Despite the complexity of the problems facing the HR departments, there are solutions, but the effectiveness of the methods depends on a well-built HR policy.

Key staffing issues

The first problem of the personnel service lies on the surface - how and where to find a professional with a good education, a high labor classification, capable of learning and mastering new technologies and having sufficient work experience. There are few such specialists and it is not easy for any company to find them. The shortage of personnel is clearly observed on the other hand. In megacities, there is an urgent need to perform large volumes of unskilled rough work, but there are not enough workers due to difficult working conditions, relatively low pay and high staff turnover as a result. A good example is the trade sector.

Representatives of the working personnel of companies are often dissatisfied with material conditions, the degree social protection, operating conditions. It is practically impossible to increase salaries against the backdrop of economic crises without harming the company, but it is possible to improve the social package to slow down the process of staff turnover. But the social package also requires investments. Money. Unfortunately, this stops many entrepreneurs who prefer to invest free funds in the development of production.

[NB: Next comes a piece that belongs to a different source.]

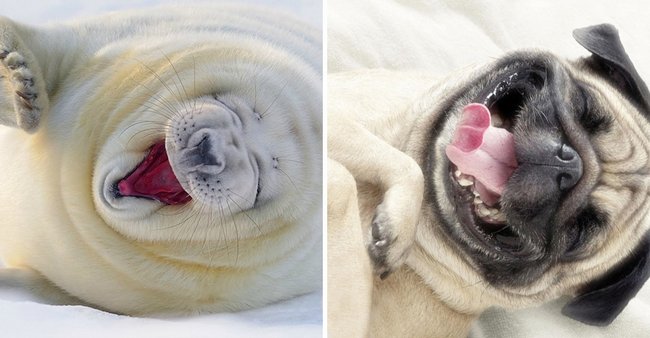 foca-cachorro-8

In connection with the incessant growth of inflation, the planned increase in wages is vital. Otherwise, the actual salary of employees will decrease and, having reached critical limits, will force them to leave.

Another problem of personnel is the level of qualifications. Now, in almost every area of ​​business and production, new technologies are being applied, each industry is developing at a different pace. If the company does not apply the innovation in time in its work, it will instantly find itself behind its competitors. Recruitment to the team of professionals with modern knowledge who are ready to learn and master new things is a priority task for personnel officers.

Ways to solve personnel problems

1. Supporting the level of income of employees at a high, competitive level. Even a slight decrease in salaries instantly provokes an outflow of personnel to competing companies. The task of the company is to regularly monitor salaries in other companies, follow economic news, and track inflation.

2. Extended social package. The complex of social bonuses from the company may additionally include free meals, high-quality conditions for work and leisure, medical insurance, corporate communications, fitness and other paid services. The high initial outlay is easily recouped, as social support significantly reduces employee turnover, saves time on training newcomers, and improves organizational performance.

3. Holidays and other corporate events. A sense of belonging, emotional attachment, a sense of joy, team cohesion - all this can be achieved through corporate events.

4. Training. Training and retraining of personnel keeps employees interested in their work and helps them master new technologies.

5. Motivation. Representatives of the company need to conduct regular work with their employees to motivate work in the company, constantly update goals and objectives. Respect the desire of the staff member to move up the career ladder. Realizing the reality of his career prospects, a staff member will make every effort.

Tags by material: Problems of personnel work, problems of organization of personnel work.